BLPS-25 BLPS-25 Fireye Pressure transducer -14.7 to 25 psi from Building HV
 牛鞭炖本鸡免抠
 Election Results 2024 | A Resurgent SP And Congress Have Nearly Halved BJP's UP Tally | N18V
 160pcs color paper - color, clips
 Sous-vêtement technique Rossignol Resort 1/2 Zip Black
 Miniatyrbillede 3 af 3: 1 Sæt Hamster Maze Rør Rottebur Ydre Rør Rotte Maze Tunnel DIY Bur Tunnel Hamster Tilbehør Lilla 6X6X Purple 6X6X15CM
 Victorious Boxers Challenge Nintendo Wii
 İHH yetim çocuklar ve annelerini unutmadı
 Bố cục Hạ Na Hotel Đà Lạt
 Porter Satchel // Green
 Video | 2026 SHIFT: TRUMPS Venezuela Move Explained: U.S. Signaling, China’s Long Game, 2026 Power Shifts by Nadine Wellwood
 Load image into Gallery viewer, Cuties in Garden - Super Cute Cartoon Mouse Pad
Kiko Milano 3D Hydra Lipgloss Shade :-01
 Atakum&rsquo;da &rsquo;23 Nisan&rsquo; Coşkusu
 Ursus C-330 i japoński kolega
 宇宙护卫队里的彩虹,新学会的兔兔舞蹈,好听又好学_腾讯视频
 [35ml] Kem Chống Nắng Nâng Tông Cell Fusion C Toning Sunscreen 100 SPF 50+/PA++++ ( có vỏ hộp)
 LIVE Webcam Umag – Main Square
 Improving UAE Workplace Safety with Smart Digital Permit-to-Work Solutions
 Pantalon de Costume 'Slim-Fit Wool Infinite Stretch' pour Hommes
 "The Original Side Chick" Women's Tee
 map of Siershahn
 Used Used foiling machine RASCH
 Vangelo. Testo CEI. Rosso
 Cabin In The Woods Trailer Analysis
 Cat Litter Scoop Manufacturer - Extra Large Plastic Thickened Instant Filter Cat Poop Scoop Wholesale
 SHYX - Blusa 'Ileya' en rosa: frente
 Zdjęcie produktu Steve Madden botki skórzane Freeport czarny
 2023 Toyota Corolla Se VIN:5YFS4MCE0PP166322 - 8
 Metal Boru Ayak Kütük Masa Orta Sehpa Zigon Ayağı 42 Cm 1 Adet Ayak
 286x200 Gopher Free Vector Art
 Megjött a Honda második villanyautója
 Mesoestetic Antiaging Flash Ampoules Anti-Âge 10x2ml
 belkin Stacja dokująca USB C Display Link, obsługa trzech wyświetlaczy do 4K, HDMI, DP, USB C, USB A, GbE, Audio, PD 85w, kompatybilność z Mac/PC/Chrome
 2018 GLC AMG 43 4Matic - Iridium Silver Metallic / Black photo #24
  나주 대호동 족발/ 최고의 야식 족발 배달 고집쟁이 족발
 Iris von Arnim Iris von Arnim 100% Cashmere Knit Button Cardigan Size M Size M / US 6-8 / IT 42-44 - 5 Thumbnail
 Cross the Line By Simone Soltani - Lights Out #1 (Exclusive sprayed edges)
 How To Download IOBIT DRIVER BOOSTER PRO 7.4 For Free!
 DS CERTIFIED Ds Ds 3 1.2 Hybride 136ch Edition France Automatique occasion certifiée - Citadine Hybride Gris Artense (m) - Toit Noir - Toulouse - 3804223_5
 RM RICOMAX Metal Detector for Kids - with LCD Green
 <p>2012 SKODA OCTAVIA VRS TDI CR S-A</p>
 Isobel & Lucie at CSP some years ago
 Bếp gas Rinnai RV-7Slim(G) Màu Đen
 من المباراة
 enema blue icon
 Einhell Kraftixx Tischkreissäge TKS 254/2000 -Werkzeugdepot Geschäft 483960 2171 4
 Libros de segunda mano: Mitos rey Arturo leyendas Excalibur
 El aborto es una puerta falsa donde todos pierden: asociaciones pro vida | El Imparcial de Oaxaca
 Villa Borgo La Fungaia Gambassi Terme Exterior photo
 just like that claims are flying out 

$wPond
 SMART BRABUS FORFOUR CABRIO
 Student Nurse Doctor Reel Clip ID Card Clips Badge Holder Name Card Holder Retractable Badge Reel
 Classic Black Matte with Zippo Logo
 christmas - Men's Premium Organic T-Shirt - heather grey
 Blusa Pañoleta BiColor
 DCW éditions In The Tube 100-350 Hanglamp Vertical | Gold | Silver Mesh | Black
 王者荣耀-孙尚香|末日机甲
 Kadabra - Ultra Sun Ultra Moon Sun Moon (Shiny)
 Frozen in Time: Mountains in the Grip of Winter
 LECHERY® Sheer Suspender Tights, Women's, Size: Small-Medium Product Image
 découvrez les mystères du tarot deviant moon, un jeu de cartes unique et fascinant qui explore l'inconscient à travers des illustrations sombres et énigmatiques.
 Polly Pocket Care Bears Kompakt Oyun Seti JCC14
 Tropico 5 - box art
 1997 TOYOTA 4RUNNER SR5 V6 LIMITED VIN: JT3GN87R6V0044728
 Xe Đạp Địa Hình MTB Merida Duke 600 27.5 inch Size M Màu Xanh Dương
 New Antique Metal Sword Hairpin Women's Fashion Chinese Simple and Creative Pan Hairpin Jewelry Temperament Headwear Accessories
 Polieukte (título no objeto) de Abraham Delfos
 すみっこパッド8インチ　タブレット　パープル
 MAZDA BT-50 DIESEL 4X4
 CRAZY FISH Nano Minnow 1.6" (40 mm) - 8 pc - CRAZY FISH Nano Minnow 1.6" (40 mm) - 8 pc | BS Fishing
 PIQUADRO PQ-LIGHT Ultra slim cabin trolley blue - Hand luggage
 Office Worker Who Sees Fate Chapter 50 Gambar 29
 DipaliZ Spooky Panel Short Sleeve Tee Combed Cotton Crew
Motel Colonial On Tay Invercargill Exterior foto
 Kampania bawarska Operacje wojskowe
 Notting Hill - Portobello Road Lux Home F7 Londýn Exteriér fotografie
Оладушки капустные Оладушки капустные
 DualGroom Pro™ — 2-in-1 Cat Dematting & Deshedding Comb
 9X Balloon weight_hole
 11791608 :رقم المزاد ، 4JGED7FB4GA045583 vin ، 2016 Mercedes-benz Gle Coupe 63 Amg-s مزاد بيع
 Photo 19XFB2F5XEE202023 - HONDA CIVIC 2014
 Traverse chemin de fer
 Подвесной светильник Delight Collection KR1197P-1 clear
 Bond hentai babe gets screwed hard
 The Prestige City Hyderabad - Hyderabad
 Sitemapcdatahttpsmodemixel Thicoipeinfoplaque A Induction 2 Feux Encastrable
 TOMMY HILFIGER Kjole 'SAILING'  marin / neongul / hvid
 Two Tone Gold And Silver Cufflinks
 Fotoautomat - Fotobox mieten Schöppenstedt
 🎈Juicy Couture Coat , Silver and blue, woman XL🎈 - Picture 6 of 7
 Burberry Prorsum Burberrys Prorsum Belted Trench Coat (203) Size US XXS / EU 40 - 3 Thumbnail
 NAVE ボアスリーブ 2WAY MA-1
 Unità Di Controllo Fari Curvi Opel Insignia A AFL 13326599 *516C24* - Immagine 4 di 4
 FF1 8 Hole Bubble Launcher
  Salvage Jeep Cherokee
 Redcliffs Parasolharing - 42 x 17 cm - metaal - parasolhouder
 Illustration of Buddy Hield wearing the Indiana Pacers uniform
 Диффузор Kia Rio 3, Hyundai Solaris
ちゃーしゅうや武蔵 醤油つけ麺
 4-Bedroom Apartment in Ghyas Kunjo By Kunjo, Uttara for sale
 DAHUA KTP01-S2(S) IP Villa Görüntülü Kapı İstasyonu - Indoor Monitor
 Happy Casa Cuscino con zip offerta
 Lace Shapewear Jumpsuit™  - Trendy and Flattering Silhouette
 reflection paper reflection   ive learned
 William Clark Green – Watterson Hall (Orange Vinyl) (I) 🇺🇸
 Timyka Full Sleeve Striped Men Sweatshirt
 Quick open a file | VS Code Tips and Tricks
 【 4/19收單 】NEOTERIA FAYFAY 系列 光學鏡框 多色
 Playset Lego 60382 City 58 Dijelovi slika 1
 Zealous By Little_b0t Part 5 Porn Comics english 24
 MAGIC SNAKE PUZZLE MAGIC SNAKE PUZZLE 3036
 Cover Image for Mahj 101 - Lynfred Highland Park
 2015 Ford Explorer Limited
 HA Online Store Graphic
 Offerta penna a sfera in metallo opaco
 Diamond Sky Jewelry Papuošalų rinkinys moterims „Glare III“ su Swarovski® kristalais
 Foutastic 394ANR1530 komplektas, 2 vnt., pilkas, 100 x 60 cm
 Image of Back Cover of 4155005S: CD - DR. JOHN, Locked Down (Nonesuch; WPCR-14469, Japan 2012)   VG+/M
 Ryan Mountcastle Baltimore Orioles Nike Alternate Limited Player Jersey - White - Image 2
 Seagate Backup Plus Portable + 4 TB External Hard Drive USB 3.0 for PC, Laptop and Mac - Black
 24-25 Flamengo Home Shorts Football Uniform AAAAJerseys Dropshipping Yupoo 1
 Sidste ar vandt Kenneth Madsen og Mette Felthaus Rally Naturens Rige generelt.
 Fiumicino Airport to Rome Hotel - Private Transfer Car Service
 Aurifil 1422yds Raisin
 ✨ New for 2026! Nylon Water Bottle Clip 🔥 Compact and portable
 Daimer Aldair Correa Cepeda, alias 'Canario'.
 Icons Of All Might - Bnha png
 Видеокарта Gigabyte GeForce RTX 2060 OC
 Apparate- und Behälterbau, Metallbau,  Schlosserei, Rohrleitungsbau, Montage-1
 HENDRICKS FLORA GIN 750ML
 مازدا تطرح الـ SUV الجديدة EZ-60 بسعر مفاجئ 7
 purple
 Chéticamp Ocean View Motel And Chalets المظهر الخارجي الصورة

+ + +

WHAT THE TASK ASKS: Restate the data word for word. Begin at its first line, end at the line that contains "Sous-vêtement technique Rossignol", and include both.

COMPLETED TASK:
BLPS-25 BLPS-25 Fireye Pressure transducer -14.7 to 25 psi from Building HV
 牛鞭炖本鸡免抠
 Election Results 2024 | A Resurgent SP And Congress Have Nearly Halved BJP's UP Tally | N18V
 160pcs color paper - color, clips
 Sous-vêtement technique Rossignol Resort 1/2 Zip Black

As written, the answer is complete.